Portfolios, Projects, Tasks; What's the difference?

Overview

Surprisingly enough, one of the most common questions heard when an organization first starts out to implement some Project Management improvements is “What is a project?” and “What is a portfolio?”.  At first these might seem like a very simple question, but when one delves into what is really being asked the question becomes a lot more interesting.  Frequently the person asking the question is really asking “What qualifies as a project vs. what qualifies as an ‘Activity’ or ‘Task’?” and “Will I have more than one project portfolio?”.

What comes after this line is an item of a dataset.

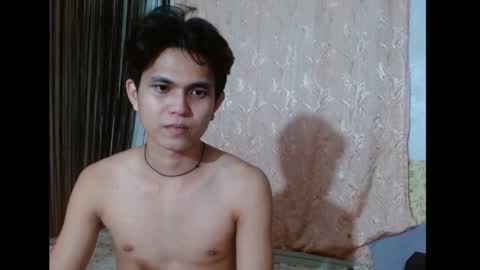 Snapshot of hot_vincent chatting on February 2025 10:37:02 AM kinky couple online show from February 2025 10:37:02 AM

The answer to these questions can vary from organization to organization.  The simplest answer is “it depends”.  To help wrap your mind around these topics we will provide some background and examples that you can use as a starting point.

Project Portfolio Management

Project Portfolio Management (PPM) describes methods for analyzing and collectively managing a group of current or proposed projects based on numerous key characteristics.

At the simplest level a portfolio of projects can be thought of a list of proposed and active projects with their associated budgets, time frame, resource commitments and priorities.  These can be tracked in a PPM tool or in some simple spreadsheets.  This summary of projects can be used by key decision makers to decide which projects get funded and executed.

A more advanced project portfolio solution will contain some more characteristics that can be used to do business alignment, metrics, and resource optimization.  Here are some key items that should be considered when putting together a more robust project portfolio:

  • Name of project
  • Summary of project purpose
  • Proposed Start and End Date
  • Alignment to business objectives
  • Scope
  • Budget
  • Requested Resource Allocation
  • Critical Success Factors
  • Key Milestones
  • Sponsorship ( Business Sponsor, Business Unit, Region..etc )
  • Project Type ( Custom Solution, Vendor Implementation..etc. )
  • Classification ( Benefits, Web Presence, Marketing…etc )
  • Regulatory Requirements
  • Return on Investment
  • Inter-Project Dependencies
  • Risk Analysis
  • A standardized approval process

By using these characteristics an organization is in a better position to answer questions like:

“We have had a change in priorities, which efforts can be ‘pushed out’?”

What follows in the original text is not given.